▸ Try it: Each record below should be written out again exactly.
*** Opening Source information ***
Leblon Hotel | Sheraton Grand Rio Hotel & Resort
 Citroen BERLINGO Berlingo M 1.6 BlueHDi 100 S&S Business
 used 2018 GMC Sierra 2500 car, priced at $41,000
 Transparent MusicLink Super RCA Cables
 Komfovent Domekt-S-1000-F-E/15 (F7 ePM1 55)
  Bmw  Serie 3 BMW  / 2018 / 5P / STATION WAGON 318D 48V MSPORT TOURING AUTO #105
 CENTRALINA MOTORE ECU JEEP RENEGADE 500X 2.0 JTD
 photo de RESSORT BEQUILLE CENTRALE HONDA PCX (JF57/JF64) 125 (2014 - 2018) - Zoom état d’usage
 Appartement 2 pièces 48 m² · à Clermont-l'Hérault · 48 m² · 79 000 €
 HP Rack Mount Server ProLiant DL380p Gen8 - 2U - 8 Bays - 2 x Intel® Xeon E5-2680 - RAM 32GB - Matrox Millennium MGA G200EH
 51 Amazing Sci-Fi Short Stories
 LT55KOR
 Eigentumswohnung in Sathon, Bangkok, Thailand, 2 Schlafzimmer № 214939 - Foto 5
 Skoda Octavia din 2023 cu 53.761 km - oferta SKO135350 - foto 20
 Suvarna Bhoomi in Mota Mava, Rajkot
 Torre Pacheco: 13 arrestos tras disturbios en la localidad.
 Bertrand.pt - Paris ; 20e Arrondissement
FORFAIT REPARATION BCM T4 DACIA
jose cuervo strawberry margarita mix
*** Closing Source information ***
▸ Expected answer:
Leblon Hotel | Sheraton Grand Rio Hotel & Resort
 Citroen BERLINGO Berlingo M 1.6 BlueHDi 100 S&S Business
 used 2018 GMC Sierra 2500 car, priced at $41,000
 Transparent MusicLink Super RCA Cables
 Komfovent Domekt-S-1000-F-E/15 (F7 ePM1 55)
  Bmw  Serie 3 BMW  / 2018 / 5P / STATION WAGON 318D 48V MSPORT TOURING AUTO #105
 CENTRALINA MOTORE ECU JEEP RENEGADE 500X 2.0 JTD
 photo de RESSORT BEQUILLE CENTRALE HONDA PCX (JF57/JF64) 125 (2014 - 2018) - Zoom état d’usage
 Appartement 2 pièces 48 m² · à Clermont-l'Hérault · 48 m² · 79 000 €
 HP Rack Mount Server ProLiant DL380p Gen8 - 2U - 8 Bays - 2 x Intel® Xeon E5-2680 - RAM 32GB - Matrox Millennium MGA G200EH
 51 Amazing Sci-Fi Short Stories
 LT55KOR
 Eigentumswohnung in Sathon, Bangkok, Thailand, 2 Schlafzimmer № 214939 - Foto 5
 Skoda Octavia din 2023 cu 53.761 km - oferta SKO135350 - foto 20
 Suvarna Bhoomi in Mota Mava, Rajkot
 Torre Pacheco: 13 arrestos tras disturbios en la localidad.
 Bertrand.pt - Paris ; 20e Arrondissement
FORFAIT REPARATION BCM T4 DACIA
jose cuervo strawberry margarita mix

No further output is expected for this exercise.